Similarly, BNF has to sustain over 25275 area for further rally towards 25485 -25695 & 25865-26030 area in the near term (under bullish case scenario).

On the flip side, sustaining below 25225-25150 area, BNF may fall towards 24990/940-24740 & 24625-24350 area in the near term (under bear case scenario).

As par early SGX indication, Nifty-Fut (Aug) may open around 10070, almost flat tracking subdued global cues and a neutral RBI. Overnight US market closed almost flat; although DJ-30 closed at another record high above the 22k milestone at around 22016 (+0.24%), primarily on strength of upbeat earnings & guidance from Apple; despite so much US political uncertainty and poor visibility of Trumponomics, US market is not showing any signs of fatigue, may be because of upbeat earnings & some weakness of USD.

In Q2, almost 72% of US corporates have reported better than estimated earnings, while overall US economic data may be quite soft. Thus a weak USD may be definitely helping export/overseas earnings of the US corporates; since Nov’16 (Trumpism), from the panic low of 17400, DJ-30 yesterday scaled the Mt’ Everest peak of 22039, thus registered a growth of almost 26.7% in 9 months, while USDX (dollar index) has fallen from around 103 to 92 YTD; i.e. almost 10.7% in 6 months, since Trump took charge the Oval office.

This USD devaluation by Trump’s talk down effort coupled with Fed’s dilemma & recent dovish stance regarding the subdued US inflation issue may be Prez Trump’s achievement, which has helped the US corporate profits quite a lot. Trump himself tweeted day before yesterday about this great achievement of Dow from 18k to 22k under his regime and also lamented that the US main stream media does not acknowledge that; instead they are busy with his alleged Russian links.

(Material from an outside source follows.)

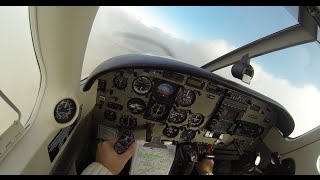 🛩 Solo IFR and ILS training with a Piper Archer III [upl. by Eselehs]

EU markets also closed in red after reversal from early gain yesterday due to late strength in EUR and some soft earnings from banking majors, such as Soc Gen, Stanc apart from stress in commodities related companies due to plunge in oil & slide in iron ore/metals.

In the morning, most of the Asian markets were in pressure after tech shares slide in the South Korean markets as valuations may be now looking extremely stretched after Dow hits the 22k milestone. Also subdued China Service PMI data today may have affected the Asian market sentiment as it’s indicating cost cutting measures & job cuts by the manufacturers.

Back to home, Indian market may also focus on the Service PMI today after terrible July Mfg PMI due to GST disruptions; June service PMI was at 53.1.

Market may continue digest implications of yesterday’s RBI policy; but one thing may be very clear that banks has to transmit more in the form of base lending rate (BLR) irrespective of their past MCLR/PLR and RBI cuts for the last two years or so; now RBI repo rate at 6%, banks may have to adjust their BLR around 8% minimum and should provide 100% secured loan such as HBL or even car loan at this rate and business loan below 9%.

Till now, Indian banks are enjoying perhaps the highest NIM in G-20 economies as over the last several years they have not transmitted the full benefit of RBI repo cut or their lower cost of funds; RBI was also a mute spectator on the earlier years considering their B/S stress due to the issue of NPA/NPL; but now the situation may be changing first and banks have to transmit more, which may affect their high NIM and eventually, they may be rerated.

Another point may be that the present CPI series is of 2011-12 and the lower CPI of 1.54% may be primarily for the favourable base effect; as par RBI, in the old series, the same may be around 4% for June; thus looking ahead, if both growth/GDP & inflation accelerates in the months ahead, then RBI will not cut rates further; but if both decelerates then RBI may consider another rate cut. RBI is very much optimistic on both inflation & growth in the days ahead, being convergent in nature without any statistical jugglery.

Meanwhile, Indian Service PMI for July flashed as terrible at 45.9 vs 53.1 in June (lowest since Sep’2013) and composite PMI came at 46 against 52.7 in June (lowest since Dec’2009); this data may further aggravate the debate of DeMo & GST disruptions in the economy, which a RBI cut simply can’t resolve as it may be structural in nature.